The simultaneous listing of AZTEC on a major Korean exchange is causing a huge buzz.


With the addition of a won-denominated pair, it shot up nearly 82% at once, reaching around $0.035, but now it's been adjusted down to $0.02.
I think the surge back then was caused by Korean traders who understand what a gap-up is flooding in all at once.

The Korean market is really unique, and just adding a pair in the local currency can dramatically change the price of small tokens.
Instead of buying through USDT, just seeing the option to buy directly in won on the screen attracts a completely different level of attention from individual investors.
In fact, Korea is always among the top three countries in crypto trading volume per capita, and major Korean exchanges are on par with overseas giants in terms of active spot trading.

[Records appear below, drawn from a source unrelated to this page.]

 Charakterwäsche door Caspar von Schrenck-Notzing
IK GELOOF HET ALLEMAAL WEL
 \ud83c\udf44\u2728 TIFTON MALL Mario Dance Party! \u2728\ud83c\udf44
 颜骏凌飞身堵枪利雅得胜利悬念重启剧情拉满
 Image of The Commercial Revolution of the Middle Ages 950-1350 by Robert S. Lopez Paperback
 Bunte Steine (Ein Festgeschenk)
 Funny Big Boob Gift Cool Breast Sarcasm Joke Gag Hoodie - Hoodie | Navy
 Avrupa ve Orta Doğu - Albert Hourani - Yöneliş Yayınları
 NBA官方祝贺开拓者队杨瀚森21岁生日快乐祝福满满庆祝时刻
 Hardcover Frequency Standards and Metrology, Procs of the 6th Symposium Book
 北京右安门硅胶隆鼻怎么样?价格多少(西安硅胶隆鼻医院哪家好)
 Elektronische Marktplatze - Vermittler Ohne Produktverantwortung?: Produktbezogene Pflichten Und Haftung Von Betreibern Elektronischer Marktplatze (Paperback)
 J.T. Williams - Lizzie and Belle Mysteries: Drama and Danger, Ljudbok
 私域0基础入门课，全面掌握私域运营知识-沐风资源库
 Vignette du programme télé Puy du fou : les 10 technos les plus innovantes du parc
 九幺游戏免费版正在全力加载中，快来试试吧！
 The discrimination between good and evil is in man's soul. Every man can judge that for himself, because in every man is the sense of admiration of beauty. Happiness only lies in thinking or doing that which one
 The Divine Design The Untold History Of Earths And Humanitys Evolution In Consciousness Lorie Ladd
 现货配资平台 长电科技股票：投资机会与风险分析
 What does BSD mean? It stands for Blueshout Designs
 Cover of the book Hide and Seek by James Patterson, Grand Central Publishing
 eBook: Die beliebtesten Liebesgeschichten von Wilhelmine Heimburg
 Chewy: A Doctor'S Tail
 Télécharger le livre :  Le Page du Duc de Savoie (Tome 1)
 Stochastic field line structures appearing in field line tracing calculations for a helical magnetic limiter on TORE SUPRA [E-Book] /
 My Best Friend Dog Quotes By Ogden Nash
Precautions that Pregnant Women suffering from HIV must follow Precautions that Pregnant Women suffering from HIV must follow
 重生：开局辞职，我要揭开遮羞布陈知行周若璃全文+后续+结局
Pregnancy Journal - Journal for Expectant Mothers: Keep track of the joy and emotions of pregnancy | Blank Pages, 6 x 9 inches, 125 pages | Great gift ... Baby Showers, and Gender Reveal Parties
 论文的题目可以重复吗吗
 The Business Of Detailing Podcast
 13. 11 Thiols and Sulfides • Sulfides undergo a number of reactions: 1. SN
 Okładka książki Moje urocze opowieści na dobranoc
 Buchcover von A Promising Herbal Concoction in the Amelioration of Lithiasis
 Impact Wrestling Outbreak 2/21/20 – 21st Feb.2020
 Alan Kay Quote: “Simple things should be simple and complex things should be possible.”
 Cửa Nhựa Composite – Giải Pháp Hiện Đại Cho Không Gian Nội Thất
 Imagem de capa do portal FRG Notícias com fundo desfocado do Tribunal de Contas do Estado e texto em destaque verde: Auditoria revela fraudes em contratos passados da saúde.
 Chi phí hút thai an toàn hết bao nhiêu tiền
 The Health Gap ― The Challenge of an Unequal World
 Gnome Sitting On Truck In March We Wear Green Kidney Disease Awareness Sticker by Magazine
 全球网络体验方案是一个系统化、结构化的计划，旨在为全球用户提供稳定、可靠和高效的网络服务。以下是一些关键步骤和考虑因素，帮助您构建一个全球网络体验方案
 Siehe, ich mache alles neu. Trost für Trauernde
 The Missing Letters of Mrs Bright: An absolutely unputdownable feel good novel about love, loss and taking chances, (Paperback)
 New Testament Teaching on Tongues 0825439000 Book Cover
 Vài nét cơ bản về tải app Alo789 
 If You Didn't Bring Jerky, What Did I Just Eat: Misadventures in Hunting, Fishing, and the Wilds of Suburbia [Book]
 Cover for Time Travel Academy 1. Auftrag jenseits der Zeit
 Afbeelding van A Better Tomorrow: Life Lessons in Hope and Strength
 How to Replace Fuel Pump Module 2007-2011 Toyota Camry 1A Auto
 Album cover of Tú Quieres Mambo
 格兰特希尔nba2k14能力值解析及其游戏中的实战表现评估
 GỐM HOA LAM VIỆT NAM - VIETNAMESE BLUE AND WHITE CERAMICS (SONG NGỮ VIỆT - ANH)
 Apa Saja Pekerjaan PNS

A common pattern during these listing events is arbitrageurs exploiting price differences between the domestic and international markets.
A gap-up, simply put, is a phenomenon where the price suddenly breaks out upward, but the subsequent correction is also rapid.
In reality, cycles of premium expansion and contraction happen repeatedly.
AZTEC seems to be following that typical pattern this time as well.

Aztec is a privacy-focused Layer 2 on Ethereum, a project that enables encrypted transactions using zero-knowledge proofs.
It's interesting because it has a technical story behind it, not just short-term price movements.
The temporary surge caused by the listing in Korea has settled down, but the value of the project itself is a different matter.